(Entries taken from a collection)
--- START ---

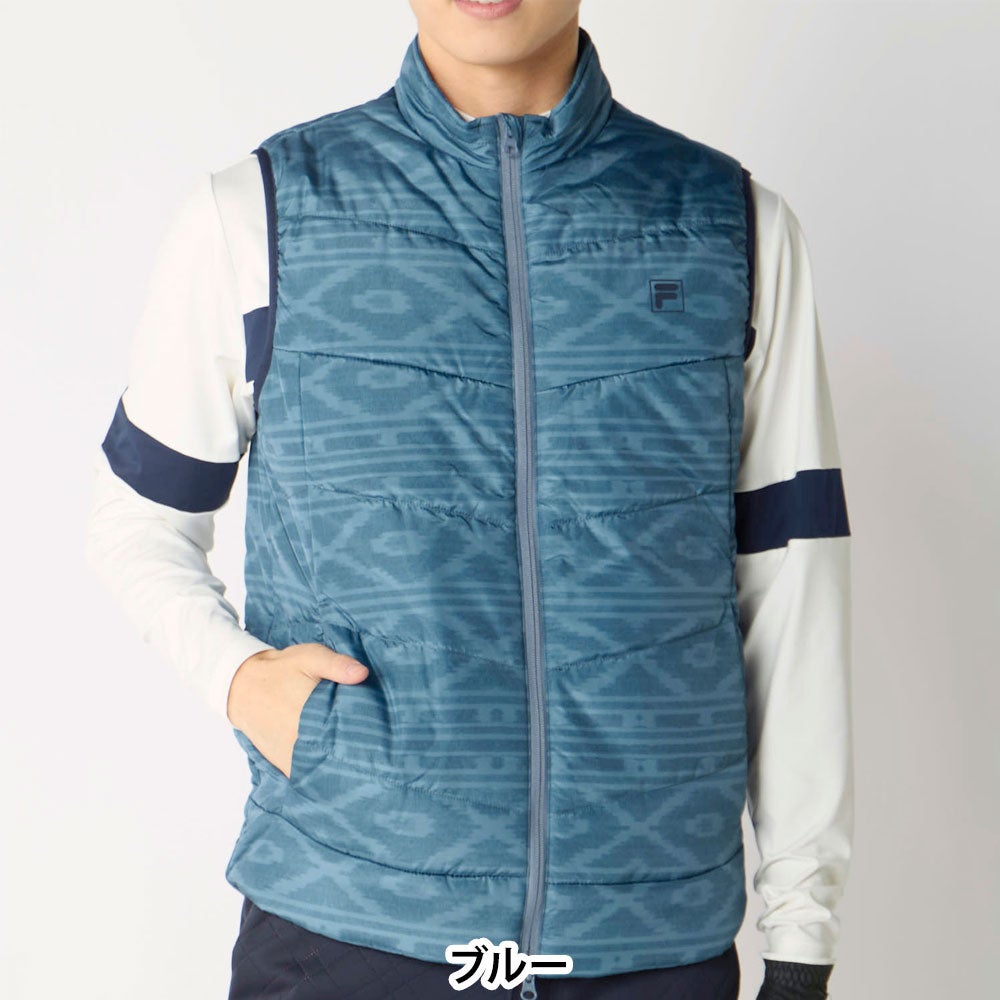 フィラ FILA　メンズ ノルディック柄 中綿 ベスト 786-240Y　2026年モデル 別カラーの着用時の正面を確認できる画像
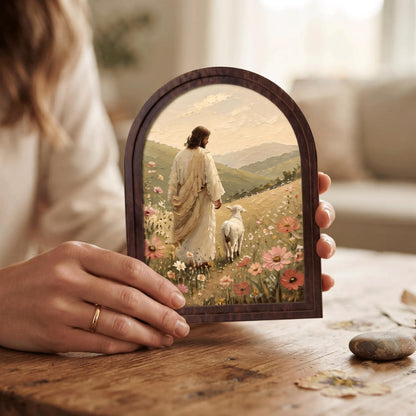 Jesus the Good Shepherd Wall Art, Christ with Lamb Landscape Painting, Arched Wood Frame, Christian Home Decor, Faith Inspired Gift - Image 3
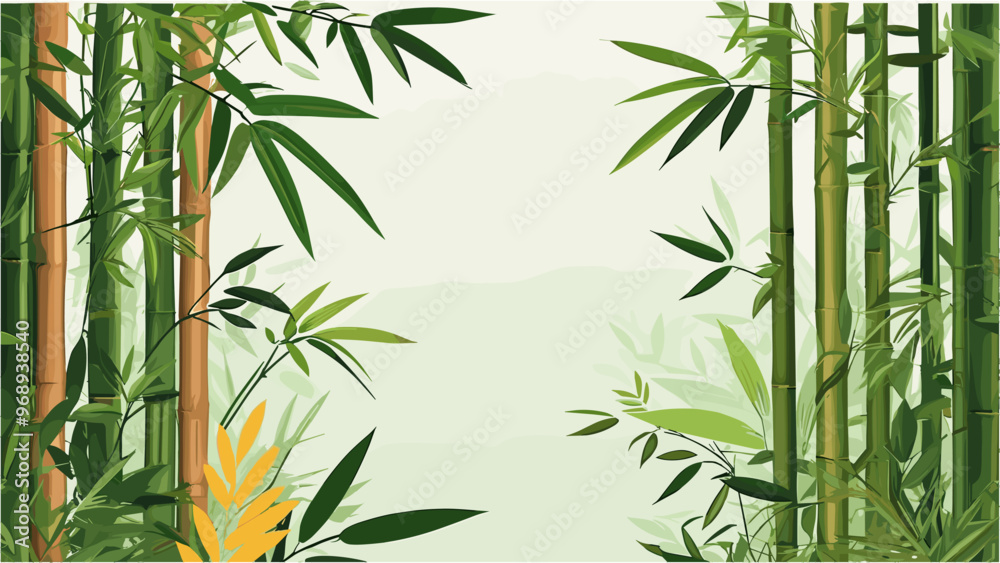 Obraz premium Stylish Bamboo Vector Background with Asian Nature Elements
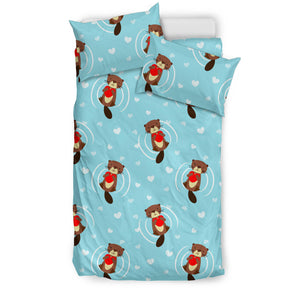 Otter Heart Pattern Bedding Set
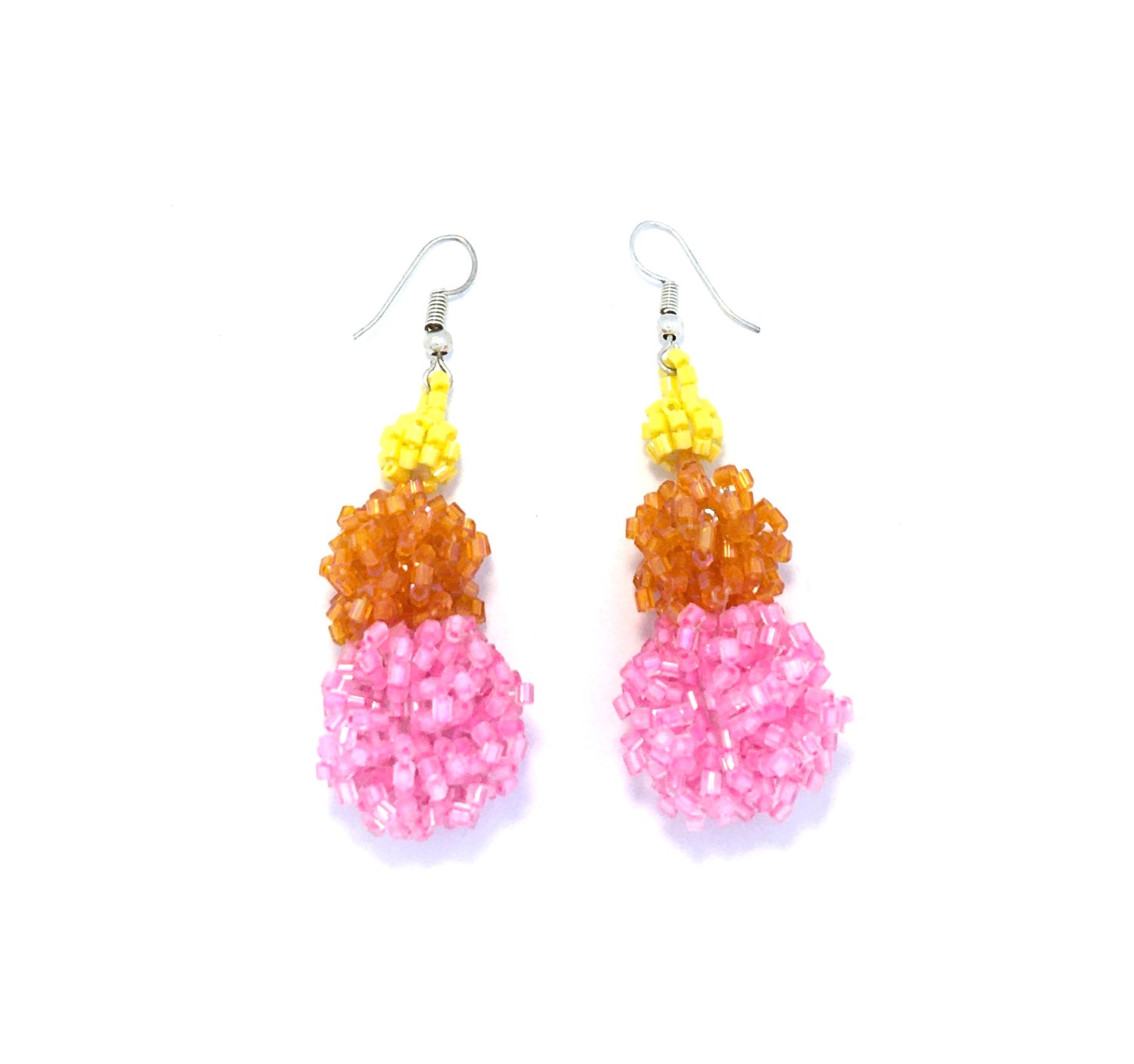 Triple Bead Ear - Gul, Orange og Lyserød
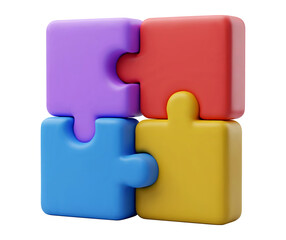 3D Four Colorful Puzzle Pieces Connected Together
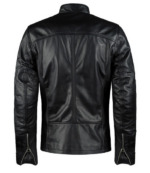 Men's Black Biker Leather Jacket - Image 2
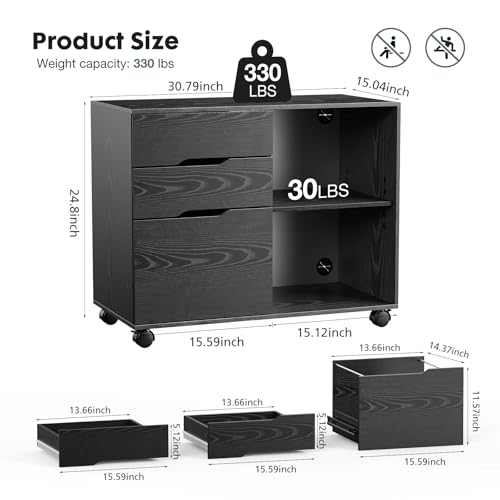 DUMOS 3-Drawer Rolling File Cabinet with Adjustable Shelf & Printer Stand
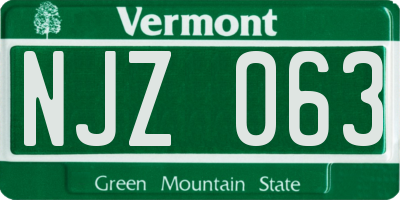 VT license plate NJZ063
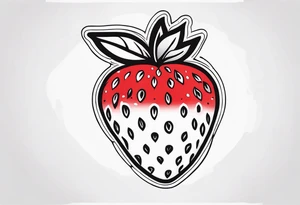Woodcut drawing Strawberry tattoo idea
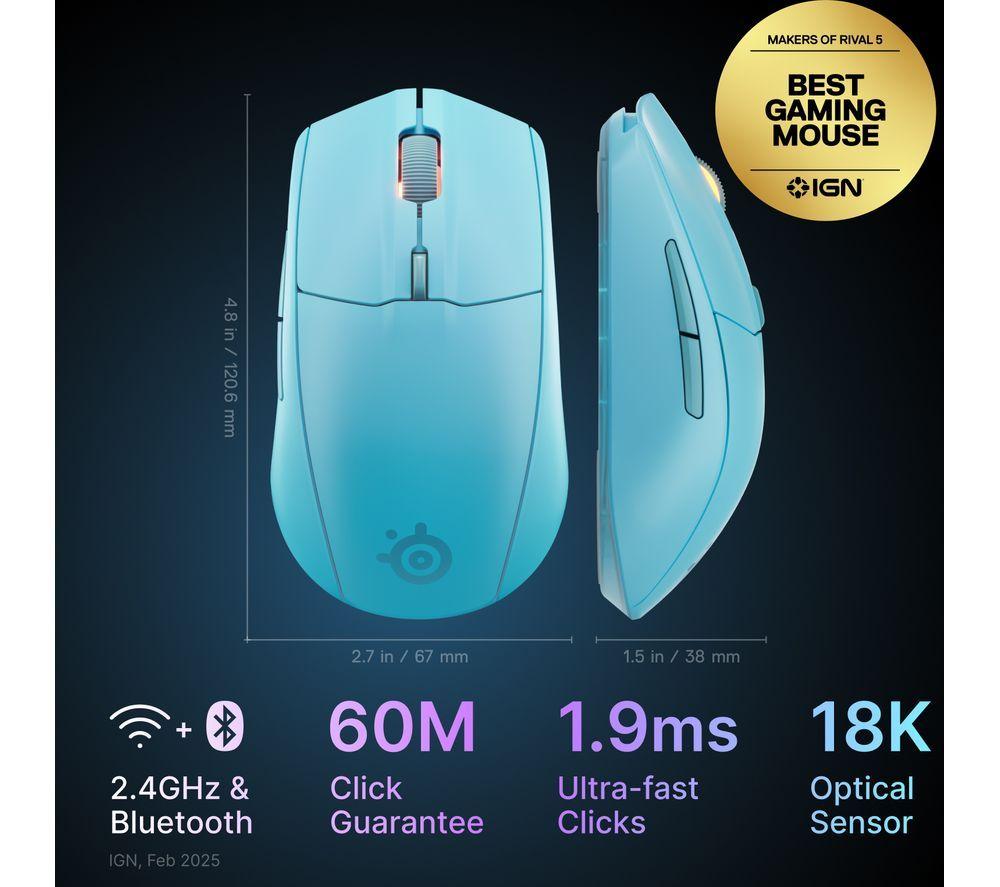 STEELSERIES Rival 3 Gen 2 Wireless Optical Gaming Mouse - Aqua image number 3 of 7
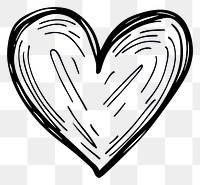 PNG Heart doodle illustration drawing sketch.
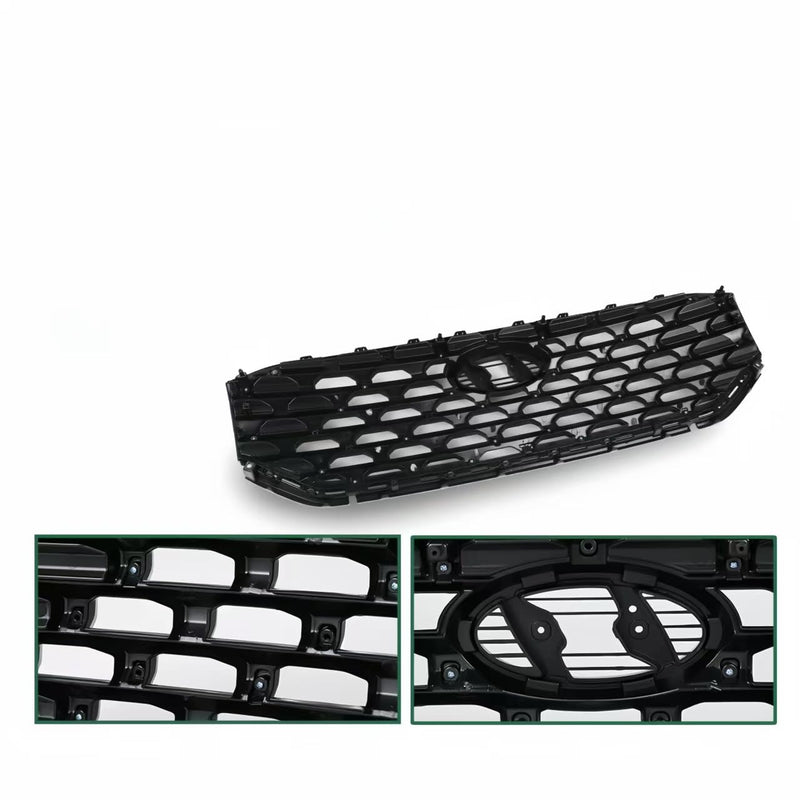 BUFEETERS   Front Bumper Upper Grille Fit For 2021 2022 2023 Hyundai Santa Fe,Honeycomb Mesh Style,Black&Chrome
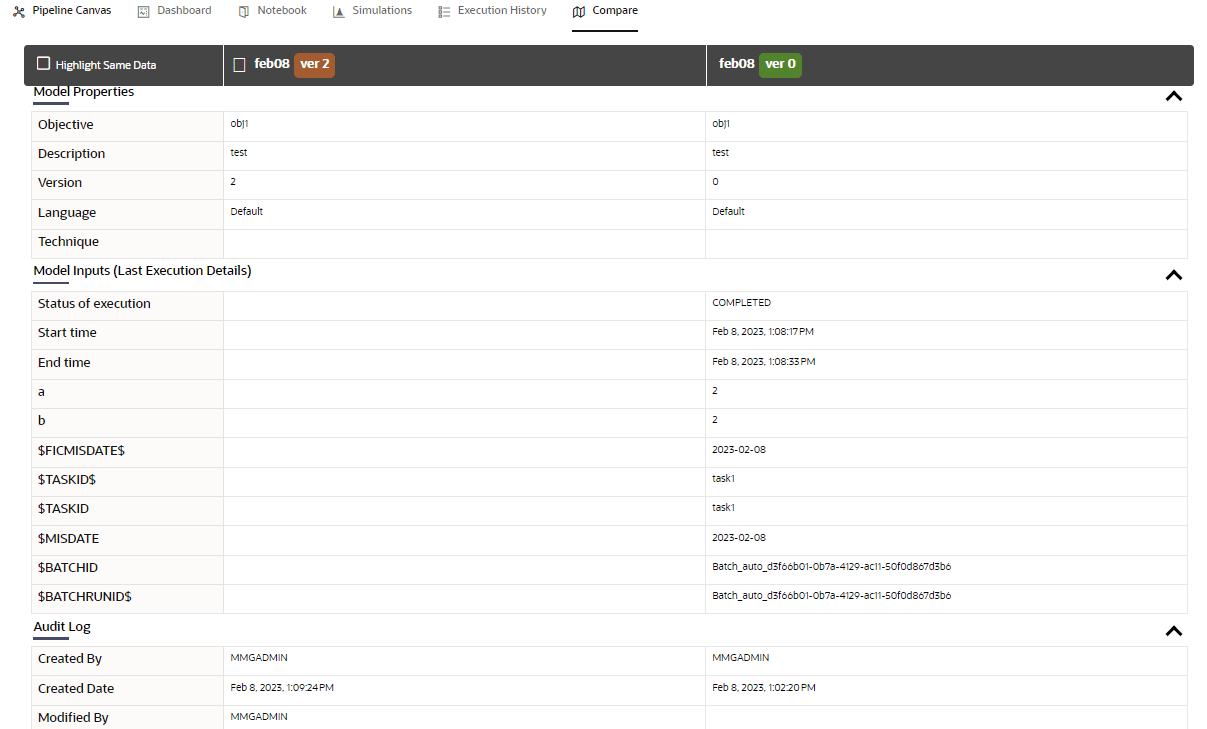 This image displays the Compare tab.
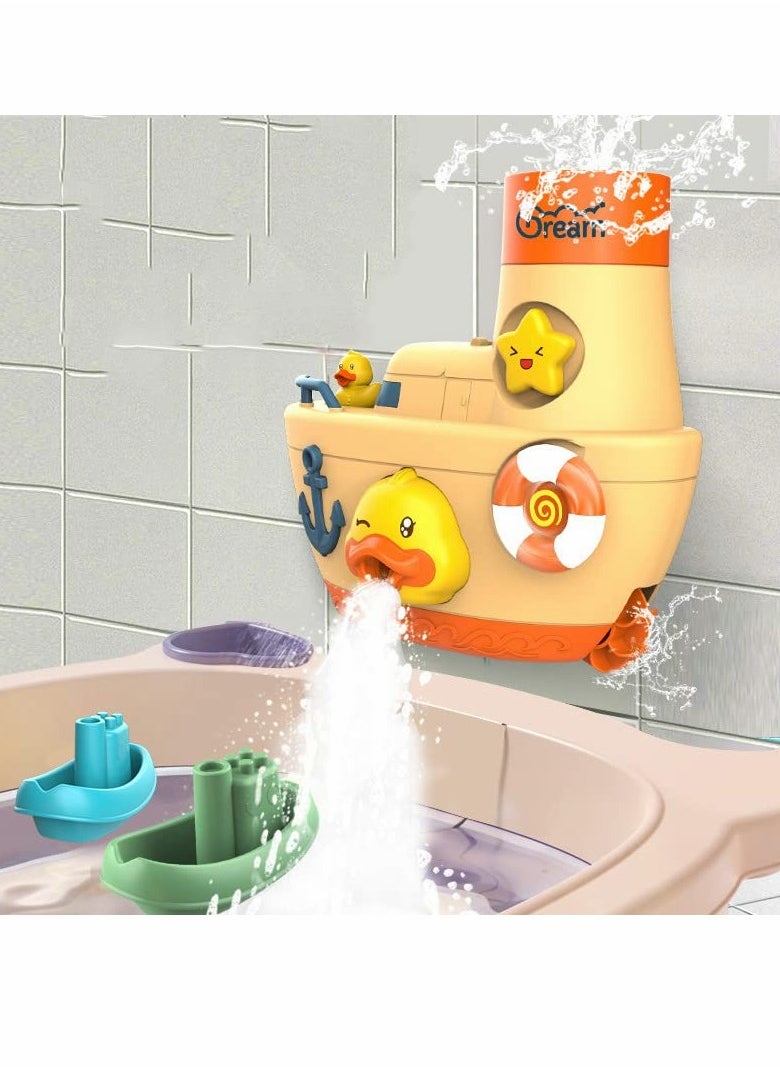 SYOSI - Bath Toys Fill and Spin Boat with Suction Cups Shower Gel Box Floating Duck 2 Stacking Boats Bathtub Tub Wall Toys for Boy Girl Kids Gifts Shower Toy Bathroom Floating Water Squirting Toys - Image 1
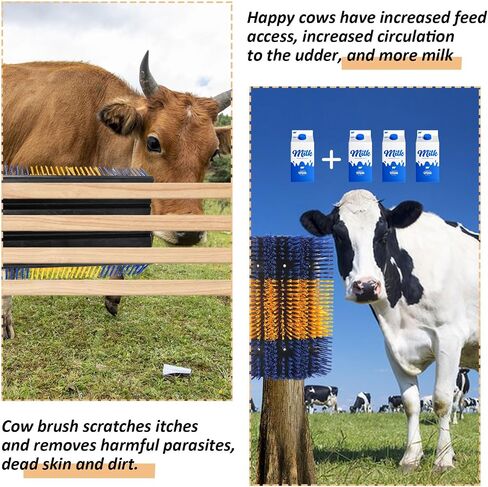 17 X 7.5 Inch Livestock Scratching Brush with Screws, Horse Scratching Post Durable Cattle Brush Scratcher, Cow Scratching Post, Livestock Scratch Brush for Elk, Pig, Sheep Itching Relieve in Saudi Arabia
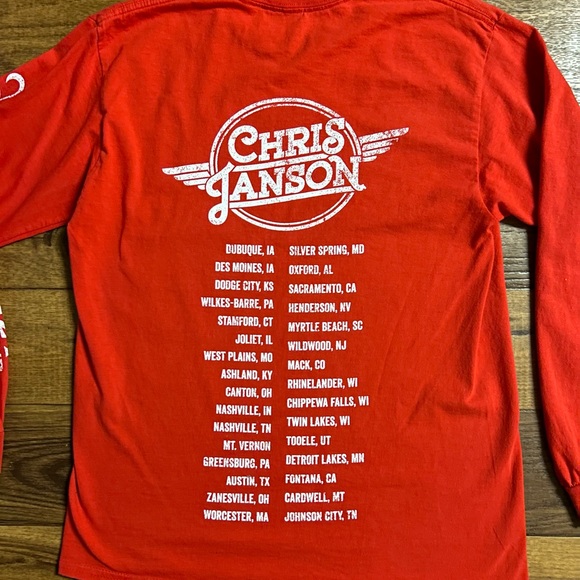Chris Jansen • Concert Shirt • Red • Long Sleeve Shirt • Size Medium - Picture 3 of 8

--- END ---

What you should do: Which part of the entries opens with the line containing "Jesus the Good" and closes with the line containing "Triple Bead Ear - Gul, Orange og Lyserød"? Output that part exactly, ends included, pictures excluded.

Response:
 Jesus the Good Shepherd Wall Art, Christ with Lamb Landscape Painting, Arched Wood Frame, Christian Home Decor, Faith Inspired Gift - Image 3
 Obraz premium Stylish Bamboo Vector Background with Asian Nature Elements
 Otter Heart Pattern Bedding Set
 Triple Bead Ear - Gul, Orange og Lyserød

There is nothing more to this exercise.